What is expected – Look below for the line holding "this 951×634 image." and the line holding "this 220×220 image.". Repeat those two and everything between, exactly.

═══ Excerpted data

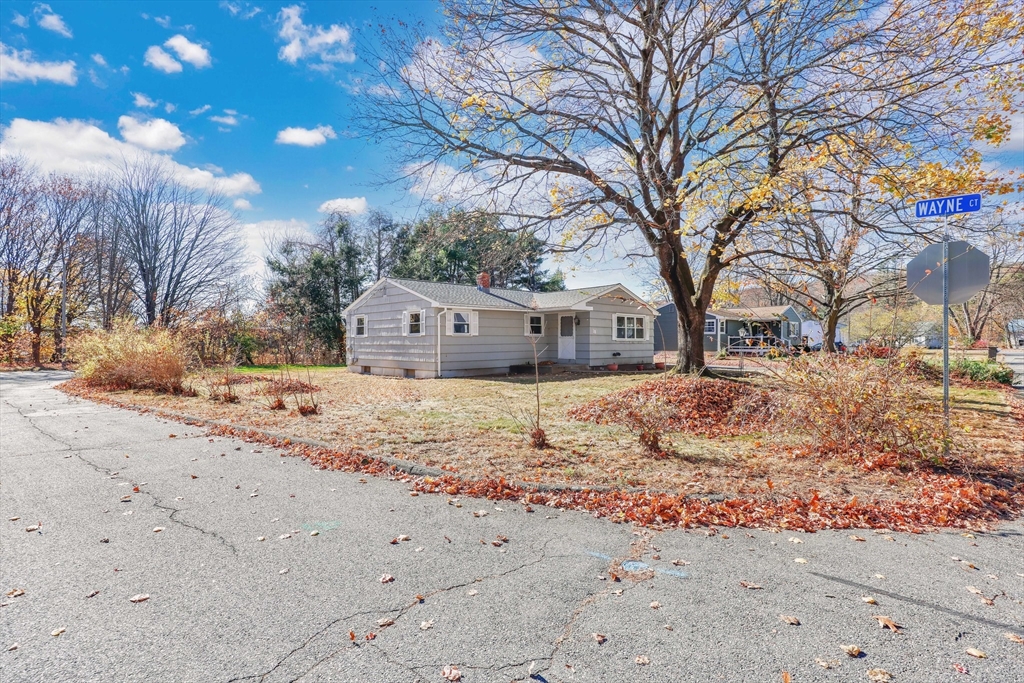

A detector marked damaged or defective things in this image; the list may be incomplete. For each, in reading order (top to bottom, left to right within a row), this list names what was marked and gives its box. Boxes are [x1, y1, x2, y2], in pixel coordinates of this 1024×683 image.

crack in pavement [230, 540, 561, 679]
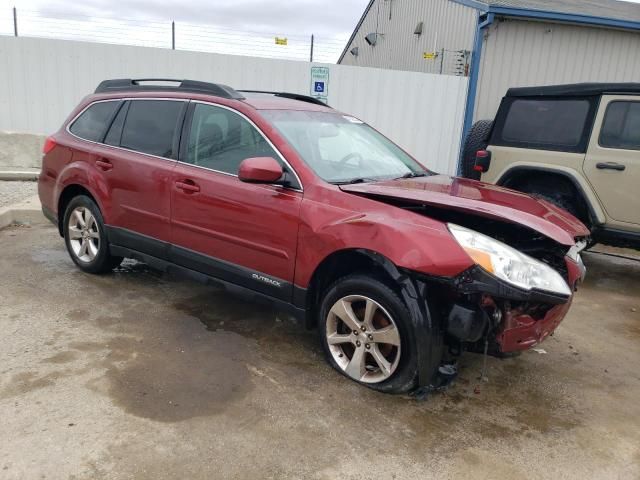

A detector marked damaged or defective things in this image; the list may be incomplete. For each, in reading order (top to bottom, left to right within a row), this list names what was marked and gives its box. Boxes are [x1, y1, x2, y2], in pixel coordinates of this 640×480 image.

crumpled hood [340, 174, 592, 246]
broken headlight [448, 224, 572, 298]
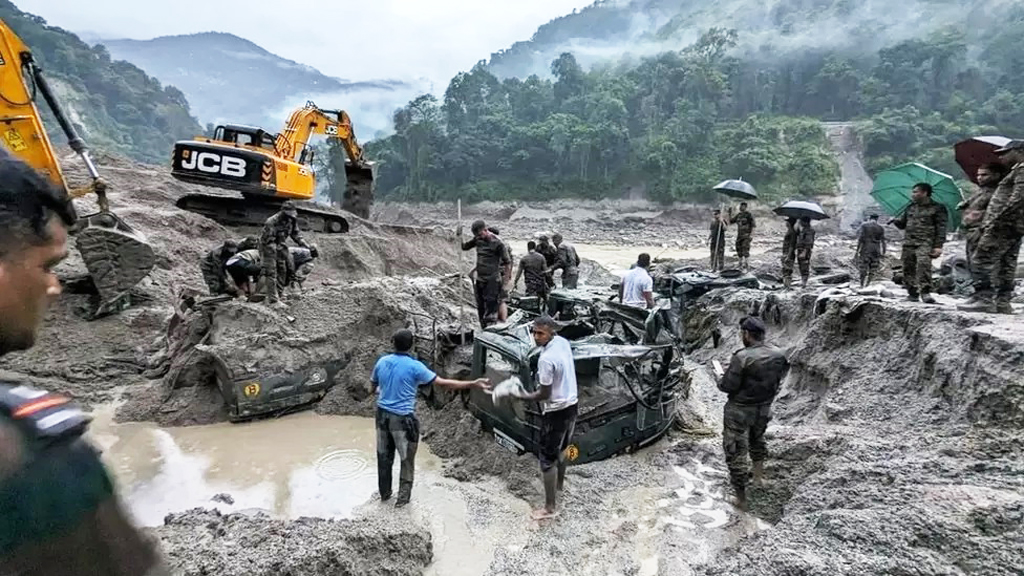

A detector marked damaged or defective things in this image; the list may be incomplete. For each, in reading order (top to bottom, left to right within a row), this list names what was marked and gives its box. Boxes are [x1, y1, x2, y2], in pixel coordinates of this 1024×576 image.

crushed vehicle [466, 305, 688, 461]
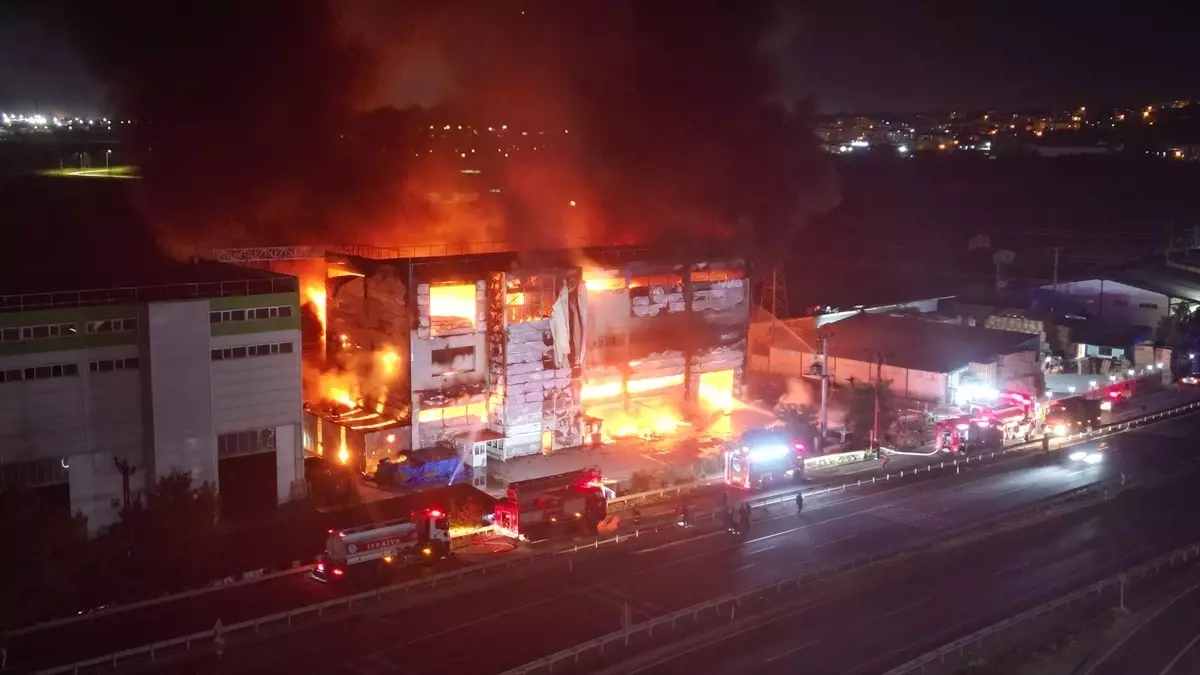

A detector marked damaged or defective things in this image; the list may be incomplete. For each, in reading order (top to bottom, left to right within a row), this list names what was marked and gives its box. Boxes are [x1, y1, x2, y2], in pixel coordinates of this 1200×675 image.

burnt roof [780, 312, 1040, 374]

══════
═══ Excerpted data

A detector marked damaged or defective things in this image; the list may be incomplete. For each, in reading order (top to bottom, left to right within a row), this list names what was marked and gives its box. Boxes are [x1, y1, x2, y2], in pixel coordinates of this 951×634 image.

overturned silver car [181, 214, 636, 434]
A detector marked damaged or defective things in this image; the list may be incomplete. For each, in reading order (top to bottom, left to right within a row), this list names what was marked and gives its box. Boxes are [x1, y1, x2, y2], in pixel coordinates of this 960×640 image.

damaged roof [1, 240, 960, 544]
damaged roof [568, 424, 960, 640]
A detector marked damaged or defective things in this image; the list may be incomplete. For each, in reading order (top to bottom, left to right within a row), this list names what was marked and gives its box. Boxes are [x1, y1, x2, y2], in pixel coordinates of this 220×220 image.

══════
═══ Excerpted data

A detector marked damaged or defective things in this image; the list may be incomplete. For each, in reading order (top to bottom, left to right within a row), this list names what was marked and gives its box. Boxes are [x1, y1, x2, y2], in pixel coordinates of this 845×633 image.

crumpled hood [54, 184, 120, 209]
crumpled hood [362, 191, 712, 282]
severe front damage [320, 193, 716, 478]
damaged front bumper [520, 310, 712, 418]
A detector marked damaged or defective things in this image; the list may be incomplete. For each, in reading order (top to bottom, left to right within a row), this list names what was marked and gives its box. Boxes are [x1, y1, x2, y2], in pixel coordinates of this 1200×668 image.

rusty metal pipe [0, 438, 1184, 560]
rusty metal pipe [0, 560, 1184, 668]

══════

Answer –
A detector marked damaged or defective things in this image; the list may be incomplete. For each, in reading order (top to bottom, left to right within a row), this list names what was marked and gives its box. Boxes are [x1, y1, x2, y2], in pixel coordinates of this 951×634 image.

overturned silver car [181, 214, 636, 434]
A detector marked damaged or defective things in this image; the list may be incomplete. For each, in reading order (top to bottom, left to right within a row), this list names what was marked and gives its box. Boxes are [x1, y1, x2, y2], in pixel coordinates of this 960×640 image.

damaged roof [1, 240, 960, 544]
damaged roof [568, 424, 960, 640]
A detector marked damaged or defective things in this image; the list may be incomplete. For each, in reading order (top to bottom, left to right within a row), this list names what was marked and gives its box. Boxes are [x1, y1, x2, y2], in pixel coordinates of this 220×220 image.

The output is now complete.